Dear polite people in this forum,
I've recently migrated to a new mailserver. As the hardware "age gap" was too large, it would be difficult to simply upgrade from Debian Squeeze to Jessie at the same time (and it would possibly not solve my problem either). So I just installed a clean Jessie and moved the user accounts, old e-mail etc. by hand.
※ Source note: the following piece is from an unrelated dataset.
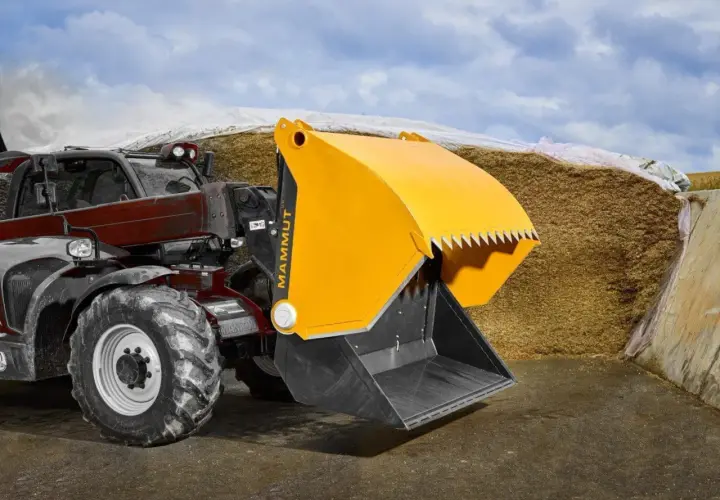 Ein Teleskoplader mit gelber Schaufel steht vor einem großen Silo in der Landwirtschaft.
Well at least I know more about the internals.
The one thing that I seem to be struggling with is the bayesian database operated by Spamassassin - as enslaved by amavisd-new. (Heh already got to know when I wanted to get the SPAM score headers included in every e-mail message: the $sa_tag_level_deflt lives in an amavis config file.)
I do have
use_bayes 1
bayes_path /var/lib/spamassassin/.spamassassin/bayes
in spamassassin/local.cf . I find it curious that the path ends with "bayes", but this last string is not an actual directory, it seems to be a mere prefix for the _toks and _seen files.
If I try "spamassassin -D --lint 2>&1 | less" I can see some praise:
Jul 9 11:21:15.091 [5076] dbg: bayes: tie-ing to DB file R/O /var/lib/spamassassin/.spamassassin/bayes_toks
Jul 9 11:21:15.091 [5076] dbg: bayes: tie-ing to DB file R/O /var/lib/spamassassin/.spamassassin/bayes_seen
Possibly depending on directory where I run it, I have once seen BAYES_20 in that listing as well.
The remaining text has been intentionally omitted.